Sequel of the Return of Rise of the Robots Again
Our age--meaning 2000-2020, and longer, but how far into the further future I do not know--is not an age of the Rise of the Robots.
It does not, primarily, see the replacement of human workers by information technology on a large scale, and the consequent generation of technological unemployment.
What it does see, primarily, are two different ongoing processes:
The extraordinary build-out of our global mobile communications infrastructure, the shift of people's leisure and work time toward making use of that infrastructure, and consequent large potential gains in human utility largely unconnected with increases in measured GDP or measured productivity.
A now fourteen years-long and continuing era of near-deflation and slack aggregate demand producing first a small and now a large chronic shortage of jobs.
But, as the very sharp Larry Mishel keeps pointing out with increasing frustration, ours is not the age of the Rise of the Robots.
A generation from hence that may, and I think probably will, be the story.
But not this year.
Not this decade:
The Missing Footprint of the Robots: "Robots are everywhere in the news but they do not seem to leave a footprint in the data...
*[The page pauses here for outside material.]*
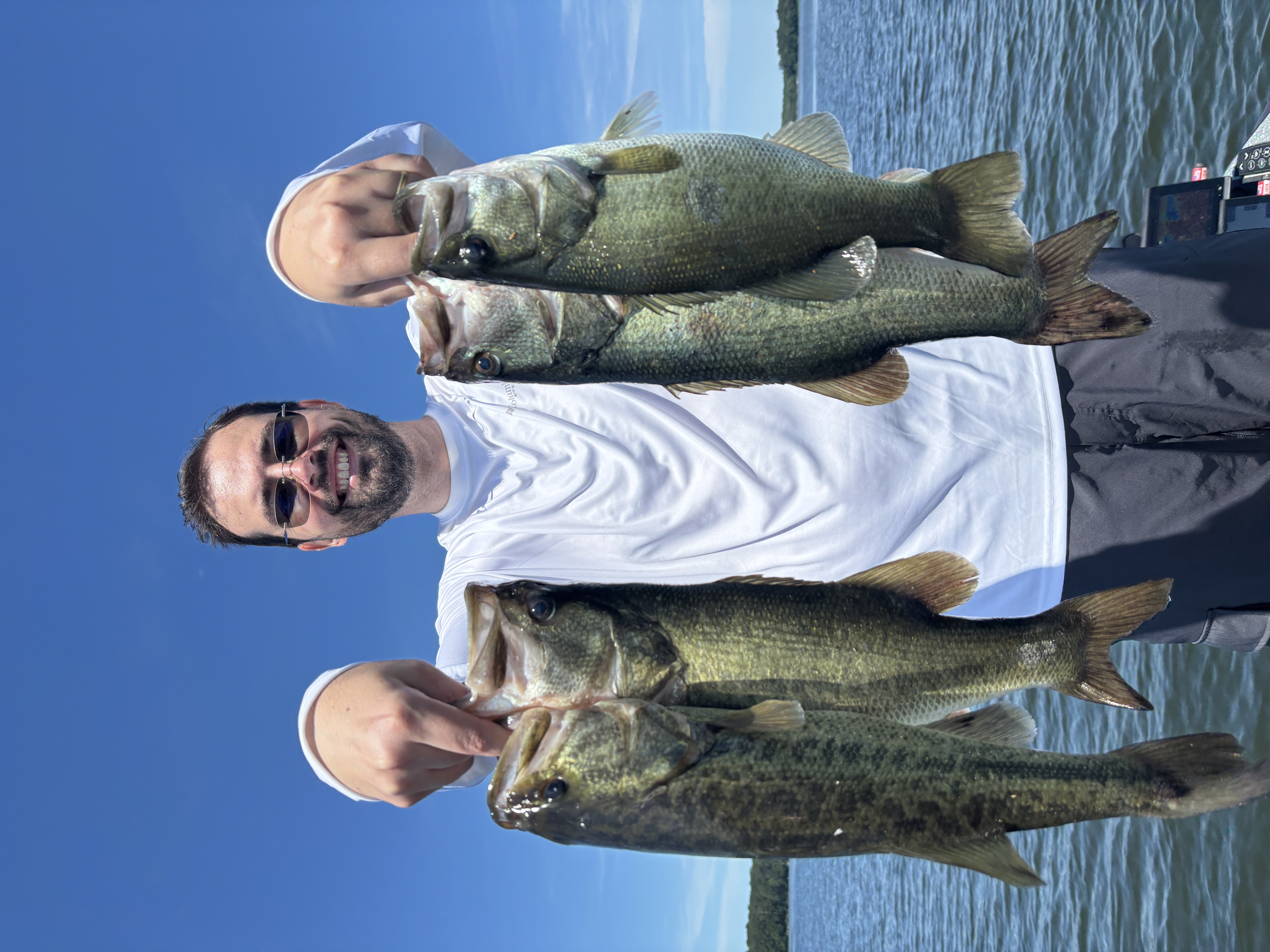 Angler displaying multiple bass caught fishing in Willis TX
:...The focus on robots eroding jobs and creating a jobless and unequal future is a story about capital replacing human labor... [a] process has been ongoing for many decades.... Perhaps surprisingly to some, the data on investments and productivity cast doubt on any accelerated robot activity: the growth of labor productivity, capital investment and, particularly, investment in information equipment and software has strongly decelerated in the 2000s.... Information equipment investment grew at a 1.2 percent annual rate over 2002–2007, roughly half the 2.5 percent rate of the 1995–2002 period, and grew even more slowly (0.7 percent) after 2007. If technology were rapidly transforming our workplaces we would expect to see exactly the opposite--a surge in the use of information equipment and software in the production of goods and services. That is what occurred in the late 1990s and it is not happening now. Perhaps we should give the robot scare a rest...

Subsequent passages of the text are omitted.